__Problem to work on__. All of the data below is to be copied again without changes.

__Material for the task__.
┄┄┄┄┄┄┄┄┄┄

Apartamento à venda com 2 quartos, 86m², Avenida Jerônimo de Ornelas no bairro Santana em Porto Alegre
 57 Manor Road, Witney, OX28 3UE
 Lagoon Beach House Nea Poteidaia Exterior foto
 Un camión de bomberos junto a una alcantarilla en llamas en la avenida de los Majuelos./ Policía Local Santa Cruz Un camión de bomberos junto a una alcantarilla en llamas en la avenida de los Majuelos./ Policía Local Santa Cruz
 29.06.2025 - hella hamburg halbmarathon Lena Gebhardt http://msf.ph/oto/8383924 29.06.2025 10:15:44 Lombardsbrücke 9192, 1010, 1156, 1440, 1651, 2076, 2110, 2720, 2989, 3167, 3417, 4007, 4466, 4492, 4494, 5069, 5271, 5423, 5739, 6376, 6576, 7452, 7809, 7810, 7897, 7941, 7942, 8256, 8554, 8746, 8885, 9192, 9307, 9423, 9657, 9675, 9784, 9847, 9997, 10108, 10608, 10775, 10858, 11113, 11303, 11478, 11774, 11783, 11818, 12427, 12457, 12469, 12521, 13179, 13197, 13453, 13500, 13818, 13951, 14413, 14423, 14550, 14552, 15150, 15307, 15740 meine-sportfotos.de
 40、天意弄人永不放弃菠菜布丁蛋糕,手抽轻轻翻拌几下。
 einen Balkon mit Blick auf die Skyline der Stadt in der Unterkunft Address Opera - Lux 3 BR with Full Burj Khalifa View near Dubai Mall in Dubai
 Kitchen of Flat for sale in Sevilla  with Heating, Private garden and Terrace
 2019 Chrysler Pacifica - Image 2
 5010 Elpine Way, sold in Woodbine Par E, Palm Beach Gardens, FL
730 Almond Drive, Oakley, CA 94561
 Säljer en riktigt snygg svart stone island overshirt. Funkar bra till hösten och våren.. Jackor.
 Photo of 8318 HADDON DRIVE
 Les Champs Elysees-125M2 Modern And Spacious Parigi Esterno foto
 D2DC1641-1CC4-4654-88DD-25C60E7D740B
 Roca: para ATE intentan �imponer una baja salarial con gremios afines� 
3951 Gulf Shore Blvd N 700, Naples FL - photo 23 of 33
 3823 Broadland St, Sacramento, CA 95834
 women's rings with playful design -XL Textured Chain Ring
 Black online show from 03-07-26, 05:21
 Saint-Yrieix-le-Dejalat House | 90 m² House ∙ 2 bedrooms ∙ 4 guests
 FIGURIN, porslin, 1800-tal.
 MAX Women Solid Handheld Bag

┄┄┄┄┄┄┄┄┄┄

__Answer below__.
Apartamento à venda com 2 quartos, 86m², Avenida Jerônimo de Ornelas no bairro Santana em Porto Alegre
 57 Manor Road, Witney, OX28 3UE
 Lagoon Beach House Nea Poteidaia Exterior foto
 Un camión de bomberos junto a una alcantarilla en llamas en la avenida de los Majuelos./ Policía Local Santa Cruz Un camión de bomberos junto a una alcantarilla en llamas en la avenida de los Majuelos./ Policía Local Santa Cruz
 29.06.2025 - hella hamburg halbmarathon Lena Gebhardt http://msf.ph/oto/8383924 29.06.2025 10:15:44 Lombardsbrücke 9192, 1010, 1156, 1440, 1651, 2076, 2110, 2720, 2989, 3167, 3417, 4007, 4466, 4492, 4494, 5069, 5271, 5423, 5739, 6376, 6576, 7452, 7809, 7810, 7897, 7941, 7942, 8256, 8554, 8746, 8885, 9192, 9307, 9423, 9657, 9675, 9784, 9847, 9997, 10108, 10608, 10775, 10858, 11113, 11303, 11478, 11774, 11783, 11818, 12427, 12457, 12469, 12521, 13179, 13197, 13453, 13500, 13818, 13951, 14413, 14423, 14550, 14552, 15150, 15307, 15740 meine-sportfotos.de
 40、天意弄人永不放弃菠菜布丁蛋糕,手抽轻轻翻拌几下。
 einen Balkon mit Blick auf die Skyline der Stadt in der Unterkunft Address Opera - Lux 3 BR with Full Burj Khalifa View near Dubai Mall in Dubai
 Kitchen of Flat for sale in Sevilla  with Heating, Private garden and Terrace
 2019 Chrysler Pacifica - Image 2
 5010 Elpine Way, sold in Woodbine Par E, Palm Beach Gardens, FL
730 Almond Drive, Oakley, CA 94561
 Säljer en riktigt snygg svart stone island overshirt. Funkar bra till hösten och våren.. Jackor.
 Photo of 8318 HADDON DRIVE
 Les Champs Elysees-125M2 Modern And Spacious Parigi Esterno foto
 D2DC1641-1CC4-4654-88DD-25C60E7D740B
 Roca: para ATE intentan �imponer una baja salarial con gremios afines� 
3951 Gulf Shore Blvd N 700, Naples FL - photo 23 of 33
 3823 Broadland St, Sacramento, CA 95834
 women's rings with playful design -XL Textured Chain Ring
 Black online show from 03-07-26, 05:21
 Saint-Yrieix-le-Dejalat House | 90 m² House ∙ 2 bedrooms ∙ 4 guests
 FIGURIN, porslin, 1800-tal.
 MAX Women Solid Handheld Bag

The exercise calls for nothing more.